En Venezuela, “Estado torcido” y no de Derecho –a pesar de que la Constitución proclama que tenemos un Estado de Derecho y de Justicia, imponiéndose la voluntad de un hombre y no la de la ley– brilla por su ausencia la forma de hacer efectiva la voluntad contenida en las normas, esto es, un verdadero proceso con un juez imparcial e igualdad entre las partes.
La justicia penal, en particular, se ha convertido en un instrumento político, escenario para resolver conflictos de poder con la máxima efectividad de la amenaza para el bien más importante después de la vida: la libertad.
La lucha por el poder se ha servido del más perverso de los recursos como es la utilización de la justicia como instrumento de venganza y retaliación política.
Los procesos penales que se inician contra disidentes carecen de toda legitimidad y de toda base legal. Se recurre a la justicia penal para perseguir a los enemigos políticos; se utiliza a los jueces para sustituir la voluntad popular; se inhabilita a los líderes políticos y se les reduce a prisión en lugar de combatirlos con ideas y en la calle, ante el juez del pueblo.
El triste y lamentable espectáculo de simulacros de juicios ya pactados y resueltos con la connivencia de jueces y fiscales, bajo instrucciones que provienen del “alto gobierno” cuya decisión se hace pública con la grotesca caricatura de togas indignas, constituye el reflejo vergonzoso de la justicia que se administra “en nombre de la revolución y por autoridad de la ley”.
En esta realidad que ha acuñado nuevas y trágicas figuras como la del “patriota cooperante” o “fuente viva de información”, sinónimo de delatores anónimos, institucionalización de la figura del “sapo”, repudiada en Venezuela; de una flagrancia que no es tal, ya que no hay ningún rastro de delito; se recurre a tipos delictivos que nada tienen que ver con las conductas lícitas perseguidas, en pretendidos juicios por traición a la patria por acudir ante organismos internacionales de protección a los derechos humanos de rango constitucional; por conspiración, en razón de la expresión de ideas políticas; de “corrupción espiritual”, por el cumplimiento del deber de una juez; por asociación para delinquir, por pertenecer a un partido político de oposición; o por la herejía, ahora anatematizada del “desacato”, que no existe como delito en el Código Penal, sino en supuestos específicos de leyes especiales.
Por supuesto, todos estos calificativos, merecedores de las más graves sanciones del ordenamiento jurídico, se estrellan contra el sentido común ignorado por los leguleyos de oficio.
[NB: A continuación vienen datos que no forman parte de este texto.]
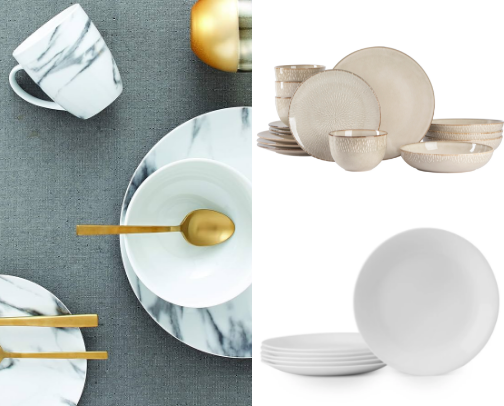 Dilnin & Tableware cover photo collage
La confusión que se crea en la colectividad adquiere dimensiones de extrema importancia, encontrándose en juego la libertad de los que caen en la ruleta de los perseguidores en el poder.
Pero, de otra parte, ante la politización de la justicia, esta se pretende reforzar atribuyendo a los órganos políticos pretendidas decisiones que corresponden al sistema judicial.
En tal sentido, debe quedar en claro que la Asamblea tampoco puede dictaminar sobre la responsabilidad penal de un funcionario, bien sea del presidente de la República o de otros servidores públicos. El juicio que puede llevar a cabo la Asamblea sobre la actuación del primer mandatario es político exclusivamente y si de la investigación o debate llevados a cabo en ese juicio surgen elementos que hagan presumir que puede iniciarse un juicio penal, deberá solicitarse a la Fiscalía el correspondiente antejuicio y declarado con lugar la existencia de mérito para el proceso al presidente, solo se podrá actuar con la autorización de la Asamblea.
Una vez más se impone luchar por la afirmación y el rescate del Estado de Derecho, en contra del “Derecho de Estado”. Solo separando la política de la justicia, cada una en su lugar, lograremos avanzar en el camino que nos conduce hacia la paz y a la convivencia civilizada. Se trata de afirmar el derecho de los ciudadanos y no el de los enemigos, que no es derecho.